И теперь, окидывая взглядом полный зал, Куйбышев чувствовал какой-то холодок в груди. Не провалится ли затея с треском?!
Но постепенно он успокоился. Ведь все эти люди прошли жесточайшую империалистическую войну, и прошли ее плечом к плечу с солдатами. Перед ними не нужно произносить речей. Следует начать с дела, найти главное, то самое, что заставило все-таки прийти их сюда...
Он отыскал глазами прапорщика Толстого и подумал: «Пусть все скажет сам! Толстой! Громко. Сын пензенского вице-губернатора. Единственный. Окончил технологический институт еще до войны. Разбирается в инженерном деле. Мог бы прислуживать белочехам в Пензе. Но не захотел. Оставил у них заложниками престарелых родителей и подался в Симбирск, в штаб 1‑й армии. Мол, хочу помогать вам. Что в твоей голове, прапорщик? Зачем тебе народ, революция, Республика? Не хитришь ли ты? Эту загадку они разгадают сейчас, все сообща. Только так».
– Михаил Николаевич Толстой, прошу ко мне, – сказал Куйбышев.
Когда прапорщик подошел к столу, Куйбышев указал на стул. Толстой сел.
– Оружие получили?
– Так точно! Все получил: шашку, наган, снаряжение. Нужно было все это надеть?
Куйбышев улыбнулся:
– Разумеется.
По залу прошел шумок. Все были убеждены, что носить личное оружие им не доверят. И никто не подозревал, какую борьбу пришлось выдержать Валериану Владимировичу на заседании военного совета: нужно или не нужно вооружать офицеров? Спасибо Тухачевскому – поддержал. Командир без оружия? Нелепость. Если уж доверять, так доверять...
Куйбышев сказал громко, чтоб слышали все:
– Михаил Николаевич, мне с вами до этого так и не удалось потолковать, а сегодня удобный случай. Почему вы, потомственный дворянин, сын вице-губернатора, решили пойти на службу в Красную Армию? Если не хотите отвечать, не отвечайте.

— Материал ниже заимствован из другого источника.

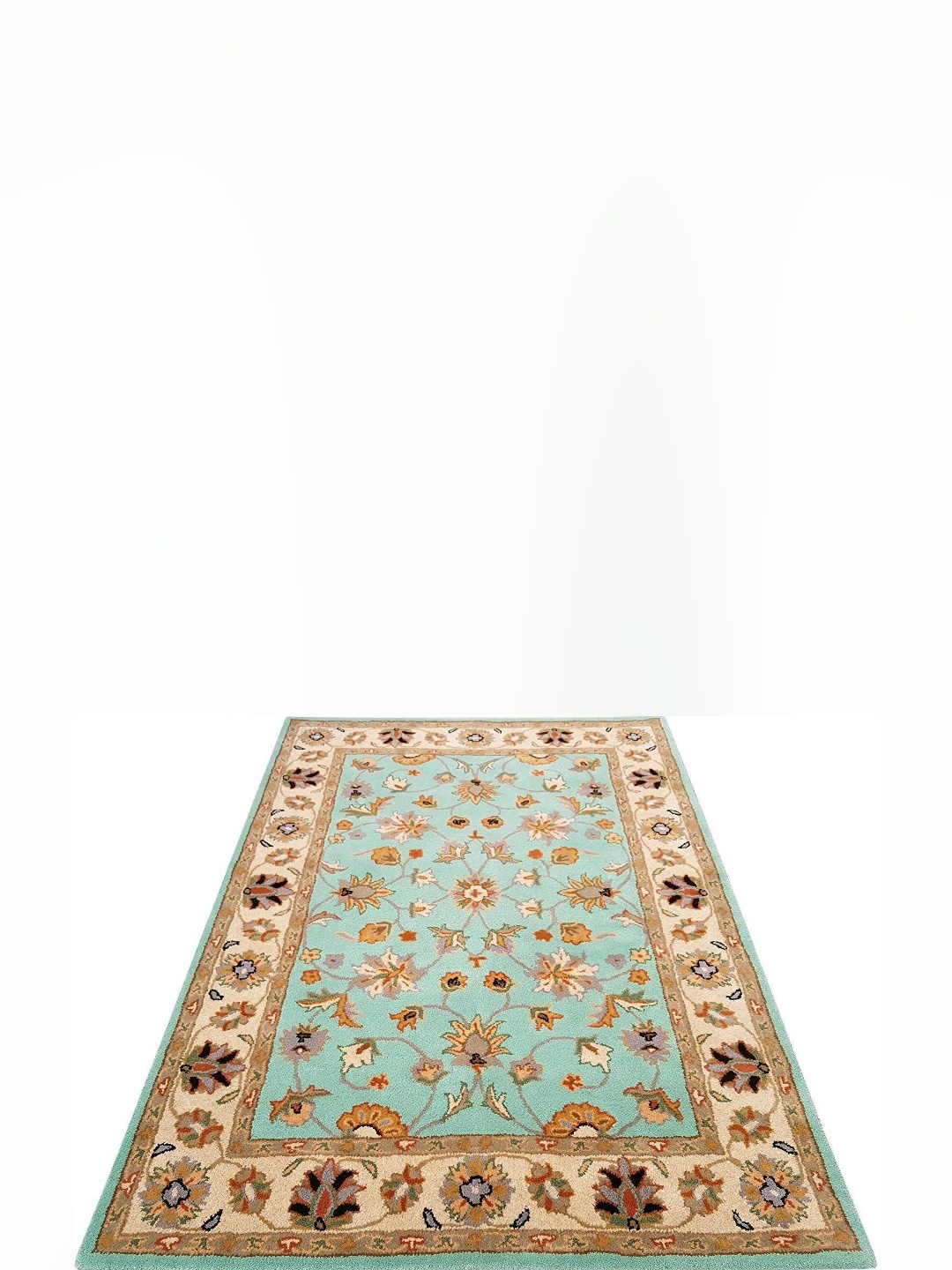 

IMRA CARPET Green & Brown Floral Printed Woollen Carpet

Толстой был немного моложе Куйбышева, в нем отсутствовала показная лихость, вел себя независимо и естественно. Он обладал располагающей внешностью, милые гвардейские усики, слегка выпуклые синие глаза, открытая улыбка на полноватых губах. Он был такого же могучего телосложения, как и Валериан Владимирович.
– Почему я решил помогать Красной Армии? – Он пожал плечами. – Вы, наверное, думаете, что Толстой наслушался на фронте большевистских агитаторов и решил драться за Советию? Нет, у меня другое. Насмотрелся в Пензе на зверства Чечека, в моей родной Пензе, и понял: русский офицер не вправе смотреть на все это равнодушно. А с Чечеком заодно все эти учредняки. Дутов, Краснов и Деникин – тоже. Меня не проведешь. Мы пришли к вам, Валериан Владимирович, не за чинами и званиями, а чтоб вместе Россию отстоять. За нее мы драться будем, не жалея живота своего. Мы считаем долгом не бросать своего народа и жить с ним, как бы ни тяжела была нам революция. Пережить с ним вместе все... Мы хотим служить русскому народу и России... А то, что я сын вице-губернатора, так это ровным счетом ничего не значит. Тухачевский – из помещиков. Вы тоже потомственный дворянин, как я слышал, сын подполковника, в военной академии учились. Так?
– Так.
– Вот мы и потянулись к вам. За правдой, А правда на стороне большевиков. Только вы ее раньше нас разглядели.
Куйбышев рассмеялся.
– Ну, скажу откровенно: свалили вы груз с моих плеч, – признался он. – Оказывается, все мы тут собрались патриоты. А я думал-гадал: что может объединить большевиков и сыновей губернаторов? Оказывается, любовь к России, родине.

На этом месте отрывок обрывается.